The best player in the world found a chance to begin the second 45 when he sent a left footed shot across the face of goal and just a few inches wide. One had to think that he puts that away in a Barca shirt. In the 88th minute, Jogi Low brought Mario Gotze on for Miroslav Klose, which would prove to be a fantastic sub. Another stroke of luck, or misfortune for Argentina fans, had kept the game scoreless for 90 minutes. Yet again we were headed for extra time, the 3rd World Cup final in the past 4 times to go to ET.
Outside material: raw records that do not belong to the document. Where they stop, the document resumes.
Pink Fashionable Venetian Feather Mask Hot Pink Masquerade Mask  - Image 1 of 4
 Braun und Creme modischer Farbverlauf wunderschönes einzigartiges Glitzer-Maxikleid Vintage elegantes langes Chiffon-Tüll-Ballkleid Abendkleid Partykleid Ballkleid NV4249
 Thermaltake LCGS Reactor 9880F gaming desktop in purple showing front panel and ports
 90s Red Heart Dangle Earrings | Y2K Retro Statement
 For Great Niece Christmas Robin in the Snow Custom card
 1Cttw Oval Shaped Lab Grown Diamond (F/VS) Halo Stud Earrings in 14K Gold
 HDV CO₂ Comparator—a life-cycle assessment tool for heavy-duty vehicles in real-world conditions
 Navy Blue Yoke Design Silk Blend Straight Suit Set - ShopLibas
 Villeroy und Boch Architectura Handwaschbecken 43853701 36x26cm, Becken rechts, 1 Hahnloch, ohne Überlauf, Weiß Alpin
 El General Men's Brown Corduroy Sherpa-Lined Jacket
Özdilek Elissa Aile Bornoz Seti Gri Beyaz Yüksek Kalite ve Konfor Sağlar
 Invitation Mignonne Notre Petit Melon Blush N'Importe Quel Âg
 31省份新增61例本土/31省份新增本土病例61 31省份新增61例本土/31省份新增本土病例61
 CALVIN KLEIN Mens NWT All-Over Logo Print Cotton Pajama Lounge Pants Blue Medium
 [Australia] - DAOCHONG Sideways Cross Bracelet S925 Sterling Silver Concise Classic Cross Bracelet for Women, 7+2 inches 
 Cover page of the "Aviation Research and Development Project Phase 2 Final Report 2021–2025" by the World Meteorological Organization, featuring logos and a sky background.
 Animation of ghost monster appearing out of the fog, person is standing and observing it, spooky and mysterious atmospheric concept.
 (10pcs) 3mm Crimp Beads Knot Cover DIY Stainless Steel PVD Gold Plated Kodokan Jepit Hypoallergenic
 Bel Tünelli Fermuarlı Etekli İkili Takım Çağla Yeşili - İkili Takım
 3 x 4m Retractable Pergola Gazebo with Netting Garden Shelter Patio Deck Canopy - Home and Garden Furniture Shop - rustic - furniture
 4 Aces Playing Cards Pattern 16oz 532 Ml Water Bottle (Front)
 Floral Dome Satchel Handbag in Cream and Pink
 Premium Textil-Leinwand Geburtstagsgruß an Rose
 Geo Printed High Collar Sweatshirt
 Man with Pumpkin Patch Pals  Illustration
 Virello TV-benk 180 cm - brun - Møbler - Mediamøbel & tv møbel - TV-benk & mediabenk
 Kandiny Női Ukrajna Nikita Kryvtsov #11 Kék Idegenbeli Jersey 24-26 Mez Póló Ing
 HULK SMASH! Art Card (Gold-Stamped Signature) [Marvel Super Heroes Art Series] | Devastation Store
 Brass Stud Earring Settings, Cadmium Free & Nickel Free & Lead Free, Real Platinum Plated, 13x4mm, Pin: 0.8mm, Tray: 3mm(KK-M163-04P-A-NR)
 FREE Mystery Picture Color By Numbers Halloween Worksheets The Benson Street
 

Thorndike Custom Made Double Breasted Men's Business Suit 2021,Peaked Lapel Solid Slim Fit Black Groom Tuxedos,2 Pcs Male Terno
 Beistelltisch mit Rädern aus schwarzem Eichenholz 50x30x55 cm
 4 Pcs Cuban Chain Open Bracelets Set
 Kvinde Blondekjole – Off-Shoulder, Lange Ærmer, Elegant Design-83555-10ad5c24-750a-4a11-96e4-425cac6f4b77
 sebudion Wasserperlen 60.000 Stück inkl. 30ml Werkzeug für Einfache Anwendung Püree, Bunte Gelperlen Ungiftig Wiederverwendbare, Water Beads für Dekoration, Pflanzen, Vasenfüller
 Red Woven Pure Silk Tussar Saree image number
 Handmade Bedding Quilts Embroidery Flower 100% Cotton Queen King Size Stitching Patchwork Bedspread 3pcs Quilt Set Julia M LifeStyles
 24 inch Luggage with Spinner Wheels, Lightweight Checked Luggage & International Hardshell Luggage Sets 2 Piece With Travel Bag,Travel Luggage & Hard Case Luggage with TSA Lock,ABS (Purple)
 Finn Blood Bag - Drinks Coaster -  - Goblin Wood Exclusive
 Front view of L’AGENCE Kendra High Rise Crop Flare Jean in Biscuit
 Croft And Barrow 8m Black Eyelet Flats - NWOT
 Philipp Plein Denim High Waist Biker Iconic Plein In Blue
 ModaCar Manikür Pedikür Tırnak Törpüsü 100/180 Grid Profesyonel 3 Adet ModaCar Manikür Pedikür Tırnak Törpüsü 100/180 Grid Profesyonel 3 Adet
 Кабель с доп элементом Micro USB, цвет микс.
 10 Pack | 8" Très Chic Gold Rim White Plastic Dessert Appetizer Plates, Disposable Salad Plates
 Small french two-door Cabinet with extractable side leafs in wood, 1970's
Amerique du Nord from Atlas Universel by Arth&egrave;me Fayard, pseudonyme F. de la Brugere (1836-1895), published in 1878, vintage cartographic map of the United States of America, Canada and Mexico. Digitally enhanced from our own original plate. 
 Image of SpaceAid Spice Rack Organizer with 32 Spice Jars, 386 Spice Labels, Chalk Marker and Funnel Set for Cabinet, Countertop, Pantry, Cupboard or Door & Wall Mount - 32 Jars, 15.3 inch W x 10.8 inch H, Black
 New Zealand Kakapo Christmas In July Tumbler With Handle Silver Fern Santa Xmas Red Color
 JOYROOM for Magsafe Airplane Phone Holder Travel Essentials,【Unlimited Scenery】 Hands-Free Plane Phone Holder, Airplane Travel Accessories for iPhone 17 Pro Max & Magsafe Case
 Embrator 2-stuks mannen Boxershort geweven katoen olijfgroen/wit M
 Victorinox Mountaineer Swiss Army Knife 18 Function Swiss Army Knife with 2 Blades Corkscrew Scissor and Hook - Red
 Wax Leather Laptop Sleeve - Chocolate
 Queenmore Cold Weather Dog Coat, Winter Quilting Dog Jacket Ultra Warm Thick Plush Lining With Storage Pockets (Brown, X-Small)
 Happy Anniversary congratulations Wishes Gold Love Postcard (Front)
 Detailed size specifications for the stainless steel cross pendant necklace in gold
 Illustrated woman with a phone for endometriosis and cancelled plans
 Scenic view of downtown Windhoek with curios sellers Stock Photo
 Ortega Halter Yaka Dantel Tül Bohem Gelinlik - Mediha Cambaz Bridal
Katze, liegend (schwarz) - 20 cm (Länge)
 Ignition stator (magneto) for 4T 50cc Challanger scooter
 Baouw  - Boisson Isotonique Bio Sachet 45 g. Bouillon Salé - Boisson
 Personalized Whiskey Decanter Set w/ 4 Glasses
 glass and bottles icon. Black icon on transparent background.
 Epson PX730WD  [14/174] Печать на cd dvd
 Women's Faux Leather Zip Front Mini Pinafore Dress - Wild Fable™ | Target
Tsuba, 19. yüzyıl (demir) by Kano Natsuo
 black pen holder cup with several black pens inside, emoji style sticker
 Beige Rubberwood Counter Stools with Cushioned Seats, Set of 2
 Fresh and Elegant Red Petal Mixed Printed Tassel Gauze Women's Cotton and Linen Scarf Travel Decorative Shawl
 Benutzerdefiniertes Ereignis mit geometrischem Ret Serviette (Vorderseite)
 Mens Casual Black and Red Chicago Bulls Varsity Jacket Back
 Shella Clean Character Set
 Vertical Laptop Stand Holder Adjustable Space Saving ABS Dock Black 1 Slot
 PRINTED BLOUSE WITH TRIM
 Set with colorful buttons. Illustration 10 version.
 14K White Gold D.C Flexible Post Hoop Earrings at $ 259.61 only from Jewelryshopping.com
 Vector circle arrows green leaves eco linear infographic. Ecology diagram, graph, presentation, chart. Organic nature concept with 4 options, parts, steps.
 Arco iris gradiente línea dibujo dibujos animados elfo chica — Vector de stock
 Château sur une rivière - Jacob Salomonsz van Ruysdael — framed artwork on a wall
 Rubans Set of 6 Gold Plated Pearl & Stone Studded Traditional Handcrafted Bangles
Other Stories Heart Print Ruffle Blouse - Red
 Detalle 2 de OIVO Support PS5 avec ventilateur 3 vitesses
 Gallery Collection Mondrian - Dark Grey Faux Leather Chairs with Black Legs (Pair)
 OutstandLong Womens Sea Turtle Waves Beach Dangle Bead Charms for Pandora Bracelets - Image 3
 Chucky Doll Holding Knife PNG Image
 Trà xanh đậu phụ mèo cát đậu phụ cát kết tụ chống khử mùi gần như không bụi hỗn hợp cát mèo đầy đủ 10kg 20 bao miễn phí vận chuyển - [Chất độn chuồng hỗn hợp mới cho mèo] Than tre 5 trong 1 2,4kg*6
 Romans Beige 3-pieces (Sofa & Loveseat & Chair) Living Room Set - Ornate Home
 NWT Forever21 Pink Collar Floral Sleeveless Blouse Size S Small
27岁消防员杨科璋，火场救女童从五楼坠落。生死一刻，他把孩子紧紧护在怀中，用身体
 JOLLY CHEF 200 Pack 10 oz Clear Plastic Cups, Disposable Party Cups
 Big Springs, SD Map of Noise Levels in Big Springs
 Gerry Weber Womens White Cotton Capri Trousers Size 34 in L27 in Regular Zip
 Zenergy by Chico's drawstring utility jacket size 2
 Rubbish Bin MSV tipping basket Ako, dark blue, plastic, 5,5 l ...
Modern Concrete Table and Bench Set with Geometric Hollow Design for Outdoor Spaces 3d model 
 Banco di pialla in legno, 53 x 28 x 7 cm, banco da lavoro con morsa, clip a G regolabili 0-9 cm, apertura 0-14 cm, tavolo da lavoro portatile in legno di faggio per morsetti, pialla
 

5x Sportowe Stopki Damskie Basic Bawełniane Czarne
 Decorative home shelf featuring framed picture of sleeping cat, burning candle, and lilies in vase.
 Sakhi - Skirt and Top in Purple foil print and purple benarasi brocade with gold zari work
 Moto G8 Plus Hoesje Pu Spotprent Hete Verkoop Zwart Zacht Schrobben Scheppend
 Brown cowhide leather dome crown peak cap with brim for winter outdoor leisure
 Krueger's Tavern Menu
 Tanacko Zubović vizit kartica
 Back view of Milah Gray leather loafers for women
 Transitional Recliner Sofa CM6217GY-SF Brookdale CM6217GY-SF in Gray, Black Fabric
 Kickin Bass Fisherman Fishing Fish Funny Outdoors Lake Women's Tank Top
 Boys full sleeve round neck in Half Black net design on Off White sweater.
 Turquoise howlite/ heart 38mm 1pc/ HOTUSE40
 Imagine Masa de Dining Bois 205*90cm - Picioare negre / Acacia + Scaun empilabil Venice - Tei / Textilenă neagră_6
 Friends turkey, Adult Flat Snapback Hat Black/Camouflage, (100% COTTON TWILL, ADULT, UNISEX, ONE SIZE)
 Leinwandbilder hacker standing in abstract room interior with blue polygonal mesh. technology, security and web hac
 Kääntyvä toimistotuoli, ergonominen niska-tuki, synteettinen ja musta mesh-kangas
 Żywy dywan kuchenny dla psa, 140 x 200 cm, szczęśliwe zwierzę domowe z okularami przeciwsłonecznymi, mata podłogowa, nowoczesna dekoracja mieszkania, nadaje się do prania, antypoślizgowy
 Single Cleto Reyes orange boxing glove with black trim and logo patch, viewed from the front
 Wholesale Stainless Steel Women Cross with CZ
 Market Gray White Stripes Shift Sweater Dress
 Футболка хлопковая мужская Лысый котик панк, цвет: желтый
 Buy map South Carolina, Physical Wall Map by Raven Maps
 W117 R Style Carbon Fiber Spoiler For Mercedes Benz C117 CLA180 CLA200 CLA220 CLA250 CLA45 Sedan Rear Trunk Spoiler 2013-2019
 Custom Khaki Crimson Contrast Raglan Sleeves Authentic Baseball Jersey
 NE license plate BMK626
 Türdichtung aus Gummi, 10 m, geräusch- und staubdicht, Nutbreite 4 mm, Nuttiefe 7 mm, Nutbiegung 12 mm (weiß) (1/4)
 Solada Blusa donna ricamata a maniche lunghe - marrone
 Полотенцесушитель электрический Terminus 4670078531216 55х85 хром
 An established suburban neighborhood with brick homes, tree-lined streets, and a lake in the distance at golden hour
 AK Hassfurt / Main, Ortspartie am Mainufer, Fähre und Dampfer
After the first 15 minutes passed with nothing much in the way of excitement, we headed to a second period, still scoreless. It took 8 minutes in the second period to see Die Mannschaft break through. An absolutely bursting run up the left side by Andre Schurrle led to a cross that was chested down and volleyed into the far post by Mario Gotze. It was one of the runs and goals of the tournament, and none were more important. Ze Germans had the lead and the self-proclaimed “Golden Generation” of Deutschland football were minutes away from their first World Cup trophy as a unified nation.
Argentina pushed and pattered for a glimpse of a goal, and earned a free kick at the death from 25 yards out. Who else would take it, but Messi? The Magician carried an entire nation on his shoulders and could finally live up to the legend of Diego Maradona with a goal to send the Final to penalties at the Maracana. Messi stepped forward and ripped a shot that sailed miles over the bar, and that was it, The Machine had beaten Messi at the famed Maracana. One of the best players the world has ever seen will be without a crowning achievement for another 4 years, and alas the Diego Maradona comparisons will continue.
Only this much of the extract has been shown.